Test storage system performance with Iometer

Scott Lowe takes you step-by-step through the process of installing and running Iometer, an open source tool that you can use to test the performance of your storage solution.

When implementing storage of any kind, whether it's directly attached to a server, connected to your network (NAS), or on its own network (SAN—Fibre Channel or iSCSI), it's important to know just how well your storage performs. If you can't pinpoint this information, growth is difficult since you can't properly manage it. Iometer, an open source tool, available for download from, can help you identify this critical infrastructure measure and help you make better decisions about what kind of storage you need or whether your current storage solution can handle an increased load.

Iometer actually serves an additional purpose beyond just measuring I/O performance—it can also generate the workload that is used to test the system (this component is called Dynamo). It can be configured in a number of ways that allow very granular testing to take place so that it can test multiple scenarios. The Dynamo component must be installed on each system for which you would like to gather performance results. Iometer and Dynamo can be installed on the same system in cases where you want to test the performance of the local disk system.

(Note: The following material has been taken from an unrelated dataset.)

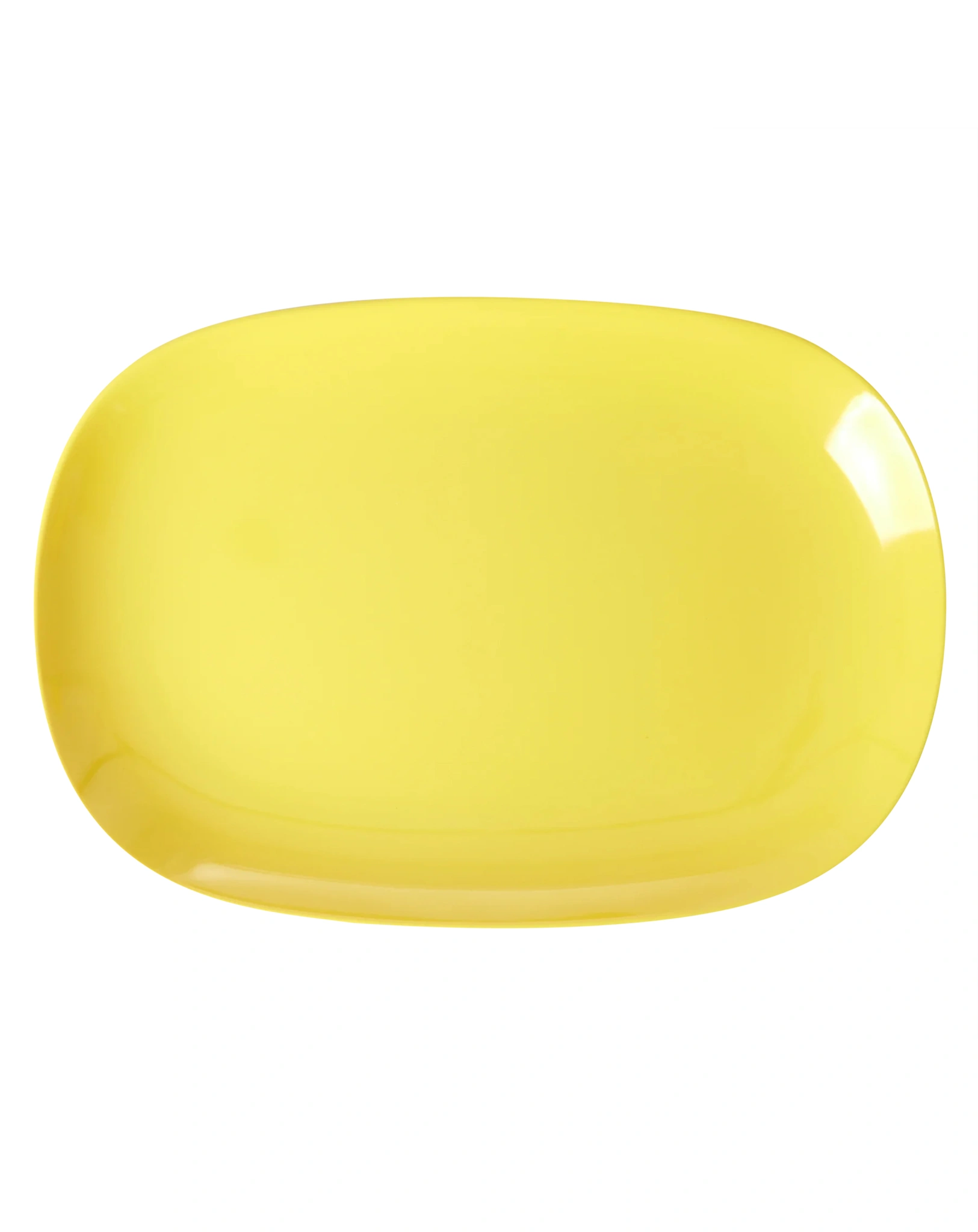Melamin-Servierteller RECTANGULAR LARGE in gelb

Installing and running Iometer and Dynamo

The Iometer installation under Windows couldn't be any easier. Simply double-click the downloaded file and accept all of the default options. This installs Iometer onto your system and places a shortcut on your Start Menu.

Iometer is extraordinarily versatile, and I don't have room in this article to go over every option (The Users Guide is more than 80 pages long). However, I will go over some basic configurations and explain how to run tests locally.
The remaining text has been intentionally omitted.